Recently, I started to get used to the new diet, I eliminated all
sources of added sugar, I am now better at fighting my cravings. My father got us a box of almond treats
covered with sugar, each piece surely has more than 10g of sugar, and do you
know what 10g of sugar means? A disaster! Frankly I love those treats, they’re
so good. So, I opened the box, looked at them, held a piece of the sweet stuff
and carried it straight to my mouth. At such a point, the point where you’re
about to break your diet and with it break every piece of resistance you’ve
developed against food, your thoughts are messed up; your consciousness is
telling you “You shouldn’t do this, don’t just go back to your old habits!”
while your desire for the long-banned sugar is convincing that one little treat
won’t hurt anybody. I took one bite, and then suddenly realized what I was
doing; I put it back into the box and closed it back.
Finally, it wasn’t about the
sweets my father bought anymore, it’s more about putting my choices to test, if
I am really insistent about this diet then I won’t allow any craving to step in
the way, instead ,little by little, anything I shouldn’t eat must no longer present
a craving.
It’s been about 3 weeks since I’ve been on the low-carb diet; I am already
starting to feel a lot better. My waist is thinner and my belly is flat.
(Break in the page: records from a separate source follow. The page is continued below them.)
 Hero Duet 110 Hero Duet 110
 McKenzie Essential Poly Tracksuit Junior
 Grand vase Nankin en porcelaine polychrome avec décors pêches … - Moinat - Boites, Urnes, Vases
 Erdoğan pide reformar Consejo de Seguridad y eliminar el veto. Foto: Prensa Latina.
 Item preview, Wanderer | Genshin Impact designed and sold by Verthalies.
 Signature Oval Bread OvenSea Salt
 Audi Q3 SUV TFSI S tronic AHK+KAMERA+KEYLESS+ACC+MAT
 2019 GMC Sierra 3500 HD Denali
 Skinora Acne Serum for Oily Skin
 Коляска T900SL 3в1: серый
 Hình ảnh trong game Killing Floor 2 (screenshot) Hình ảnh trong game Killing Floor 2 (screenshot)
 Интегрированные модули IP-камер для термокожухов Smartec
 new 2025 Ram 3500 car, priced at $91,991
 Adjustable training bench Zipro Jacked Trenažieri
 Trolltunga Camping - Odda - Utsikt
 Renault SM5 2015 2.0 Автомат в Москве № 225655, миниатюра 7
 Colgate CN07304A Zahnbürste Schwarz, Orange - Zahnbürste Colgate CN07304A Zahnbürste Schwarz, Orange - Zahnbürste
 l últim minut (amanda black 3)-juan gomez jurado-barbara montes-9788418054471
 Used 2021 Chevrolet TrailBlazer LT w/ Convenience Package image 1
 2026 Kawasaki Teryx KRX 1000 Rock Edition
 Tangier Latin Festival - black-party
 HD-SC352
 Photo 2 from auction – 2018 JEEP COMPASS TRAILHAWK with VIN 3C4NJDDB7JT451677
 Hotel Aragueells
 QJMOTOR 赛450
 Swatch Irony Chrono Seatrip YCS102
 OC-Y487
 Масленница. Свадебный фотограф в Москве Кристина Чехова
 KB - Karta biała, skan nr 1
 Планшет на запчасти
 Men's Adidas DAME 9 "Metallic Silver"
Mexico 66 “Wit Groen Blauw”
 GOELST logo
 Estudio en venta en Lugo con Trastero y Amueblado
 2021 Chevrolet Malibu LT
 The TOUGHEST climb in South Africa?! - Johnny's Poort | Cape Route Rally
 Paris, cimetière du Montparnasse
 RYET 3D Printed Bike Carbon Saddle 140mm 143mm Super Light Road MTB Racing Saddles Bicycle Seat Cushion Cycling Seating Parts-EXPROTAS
I decided it was time to face the scale; it is
very important to see your diet make some changes, it helps you feel strongly
about it and hold on more to your goals. I experience a little bit of anxiety
every time I am weighing myself, certainly because of the importance of the
number on the scale, it might be wrong to think this way, but it is what it is.
Thankfully, It turns out I have lost around 4.5 lbs. ; it was amazing,
it was all worth it! I must admit that there is more to it than the weight I
lost: while cutting down on refined carbs and added sugars, I replaced them
with low-calorie, rich in nutrients foods, like vegetables, fruits and nuts,
and all that was fueling my body with the right nutrition I needed. I even
learned how to cook those foods and I’ve come up with so many creative meals
that tasted so much better than the unhealthy ones.